The President. That I'm not pressured by domestic politics as to what our sound environmental practices are. We've got sound environmental practices. We are not going to sign up to things that we can't do. We're not going to sign up to do things we don't believe in. I happen to believe that in biodiversity it is important to protect our rights, our business rights. And I happen to think that when we do, whether it's in a biodiversity treaty or a GATT arrangement, we make things better for others. I believe that American biotechnology can help others. But it can't be if the product of that is taken away or if the incentive to innovate and the incentive to profit by your research is removed.
So, this isn't domestic politics '92 that determines whether I'm going to sign a biodiversity treaty or not, if that was the question.
Q. And their assertion that they sense in you an anxiety, a feeling of pressure?
The President. If they sense an anxiety, they may be right. I mean, this has been a tough, weird political year at home. But it has nothing to do with sound policy. It has nothing to do with whether I'm going to shape something as important as environmental policy based on an election that's, what, 4 or 5 months away.
Yes, Susan [Susan Spencer, CBS News].
Q. Mr.
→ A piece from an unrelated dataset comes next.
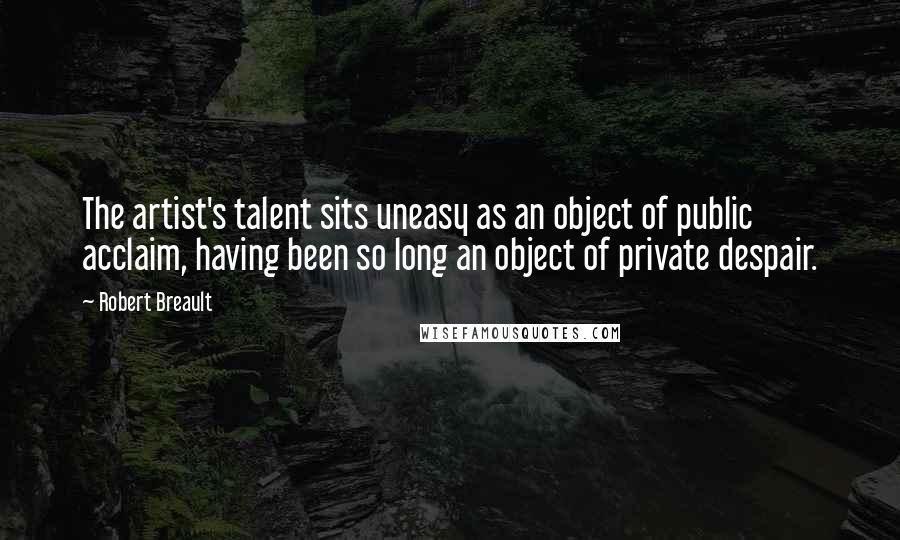 Robert Breault Quotes: The artist's talent sits uneasy as an object of public acclaim, having been so long an object of private despair.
President, you have no assurance of getting a Republican Congress. And in light of that and the fact that you've now been in office for 4 years, why should the American people look to you as the agent of revolutionary change?
The President. Because they agree fundamentally with our ideas. When you see a group of Democrats can't run for office in California campaigning for tougher crime legislation and having voted against tougher crime legislation, I say there is a little bit of an indicator that the American people want tougher crime legislation, and they'd love to get it through. The way to get it through is put more people in Congress that agree with me.
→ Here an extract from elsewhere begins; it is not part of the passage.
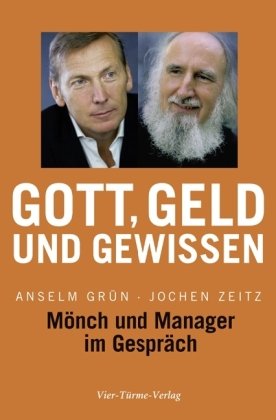 Vier T&uuml;rme Gott, Geld und Gewissen: M&ouml;nch und Manager im Gespr&auml;ch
Our ideas -- when we talk about family values, or we talk about fiscal sanity, or when we talk about sound environmental practice, when we say that we're not going to throw people out of work needlessly -- all of these things have support from the American people. And I would say that when you look around at this screwy year people do seem to be fingering Congress even more than the President.
Q. Sir, a lot of polls indicate that many of the American people say they don't know what it is you want to do in your second term.
The President. Well, maybe we need to make that a little clearer, and I think this Conference helps. I think the fact that somebody's going to take a focus on what's happened around the world, and they'll see the leadership we've brought to many things will be helpful. That's not in focus. You're dealing with polls all the time and some new trend. But the American people sort these things out. They'll sort it out, and I will win.
Q. Mr. Clinton has said that he will release a 100-day agenda of what he would do in the first 100 days, specifically. Will you do the same?
The President. I've already done it. But yes, I'll rephrase it and make it clearer because I think it is important that the American people know of my firm commitment to revolutionary educational change.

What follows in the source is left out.